▶ **RECORDS**
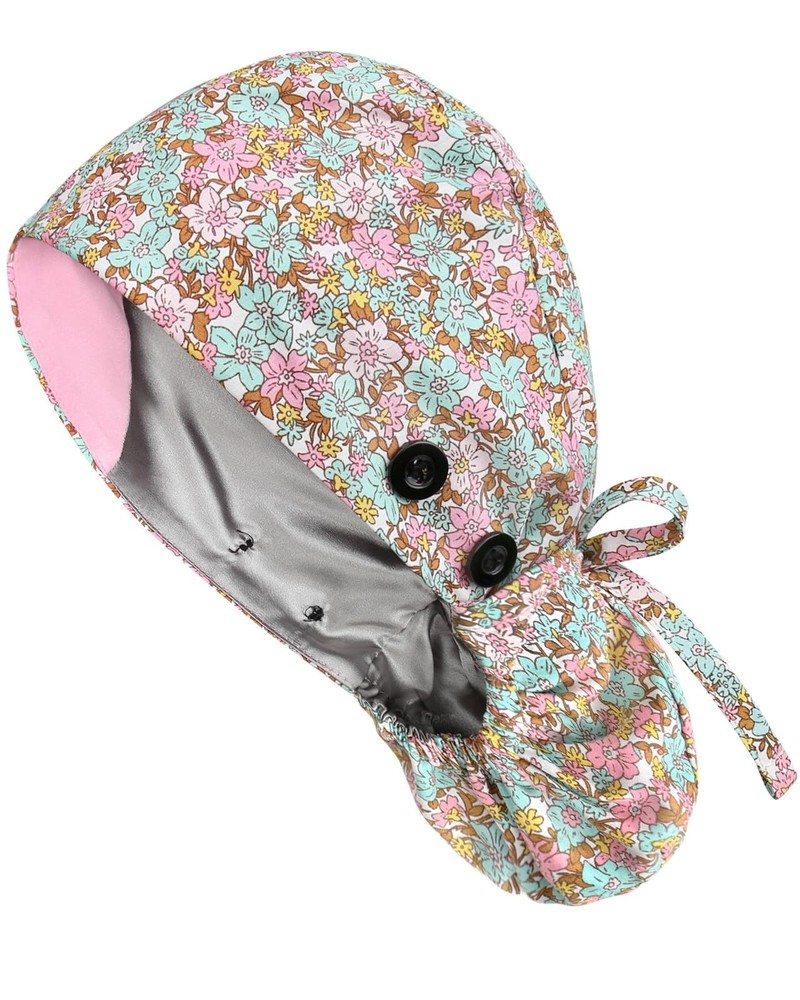 Satin Lined Scrub Caps with Buttons & Sweathand, Surgical Caps for Women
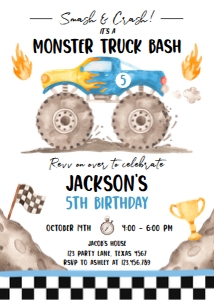 Birthday Invitation Monster Truck Blue Smash and Crash 0541 design preview
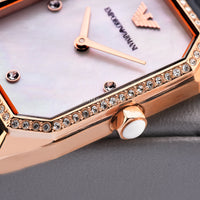 Emporio Armani Gianni T Bar Quartz Mother of Pearl Dial Blue Leather Strap Watch For Women - AR11466
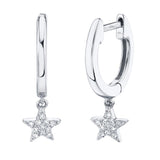 Diamond Star Hoop Earrings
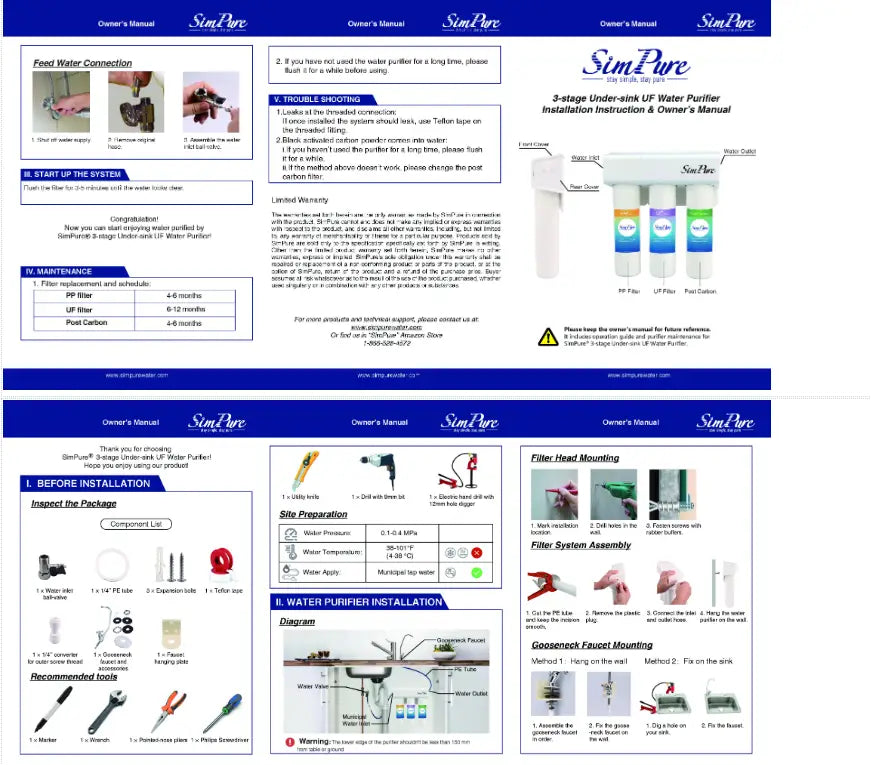 Simpure 3 stage under sink water filter replacement pp uf featuring white and purple cylindrical filter cartridges for efficient water purification.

▶ **TASK TO COMPLETE**
Return only the part above that opens with the line containing "Birthday Invitation Monster" and closes with the line containing "Diamond Star Hoop Earrings", exactly and with both ends, skipping the pictures.

▶ **WRITTEN SOLUTION**
 Birthday Invitation Monster Truck Blue Smash and Crash 0541 design preview
 Emporio Armani Gianni T Bar Quartz Mother of Pearl Dial Blue Leather Strap Watch For Women - AR11466
 Diamond Star Hoop Earrings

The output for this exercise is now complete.